### Your goal
Print the lines in the listing below starting at the line with "022 L’étang communal" and ending at the line with "3 bedroom, 3", both included. Reproduce them exactly and omit every picture.

### Data provided
· · · · · · ·
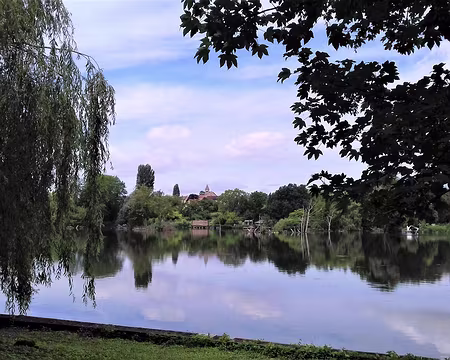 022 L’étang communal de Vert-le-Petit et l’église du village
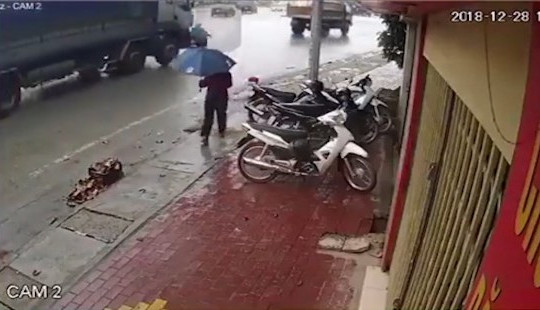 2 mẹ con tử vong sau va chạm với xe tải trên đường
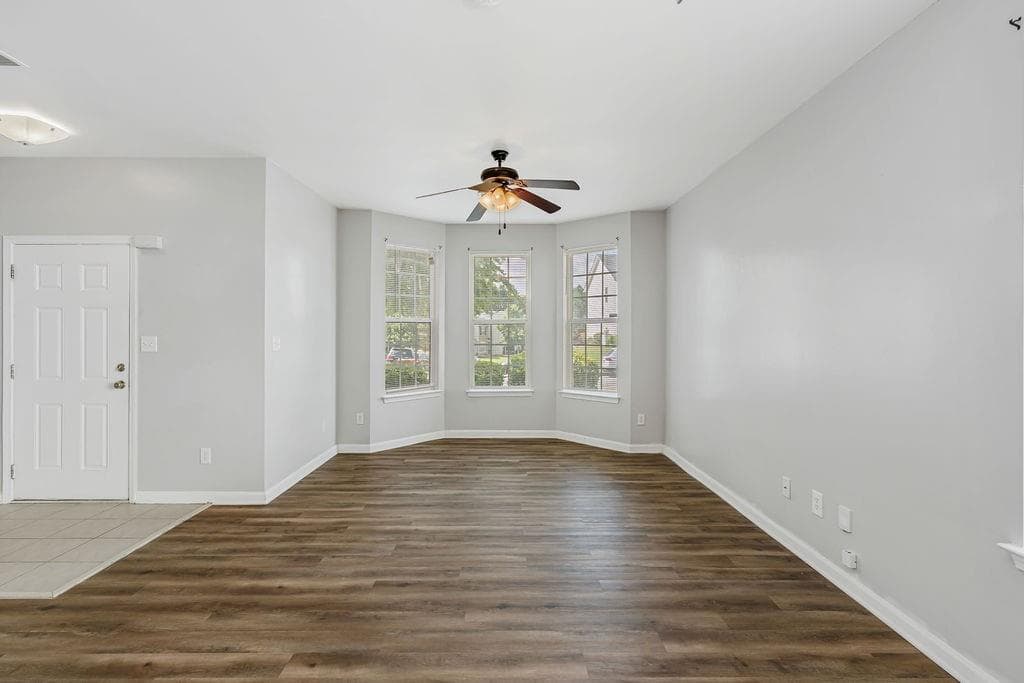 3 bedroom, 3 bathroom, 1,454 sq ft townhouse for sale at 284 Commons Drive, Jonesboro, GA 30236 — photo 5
· · · · · · ·
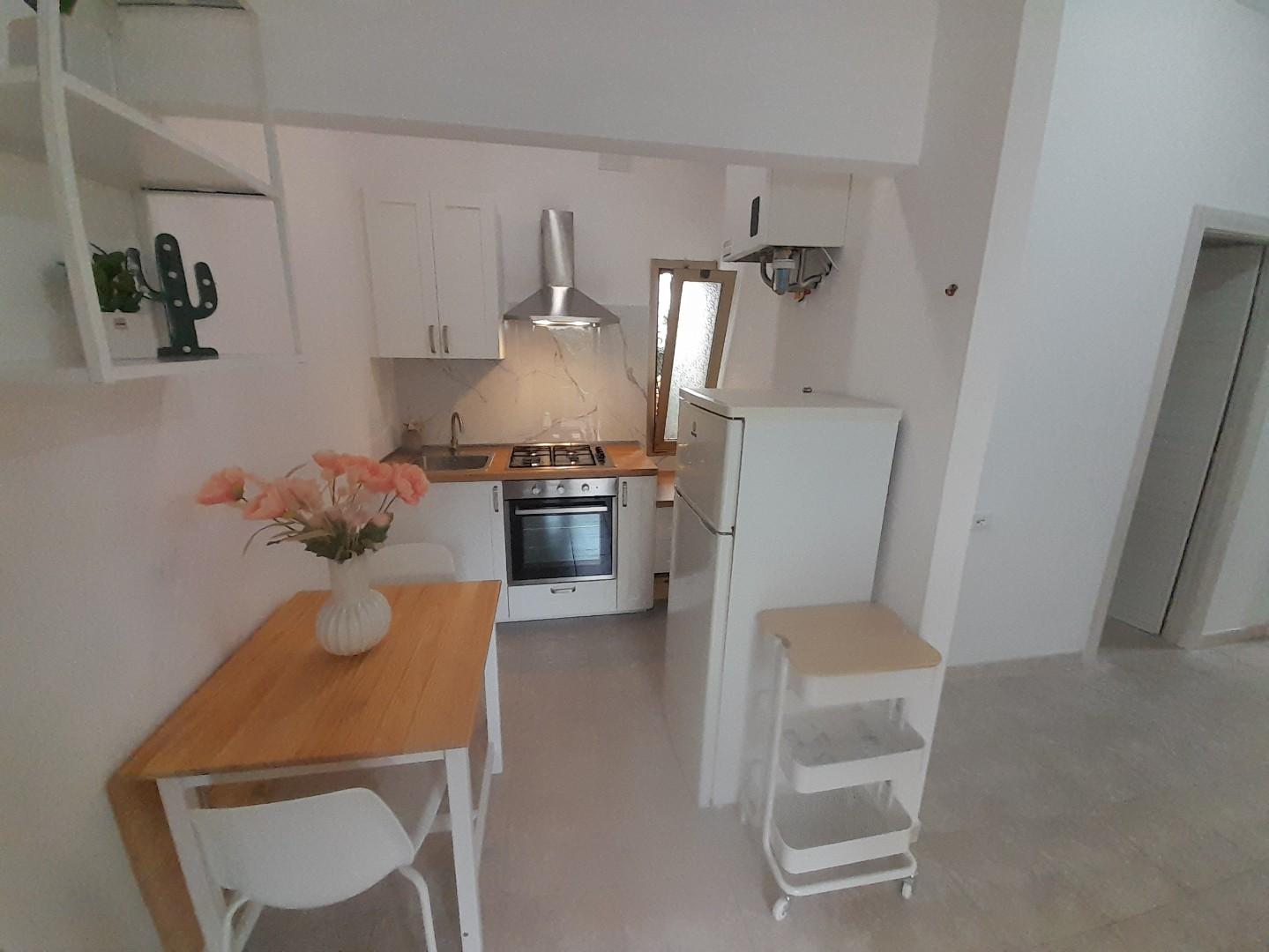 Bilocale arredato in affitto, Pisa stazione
· · · · · · ·
### Response
 022 L’étang communal de Vert-le-Petit et l’église du village
 2 mẹ con tử vong sau va chạm với xe tải trên đường
 3 bedroom, 3 bathroom, 1,454 sq ft townhouse for sale at 284 Commons Drive, Jonesboro, GA 30236 — photo 5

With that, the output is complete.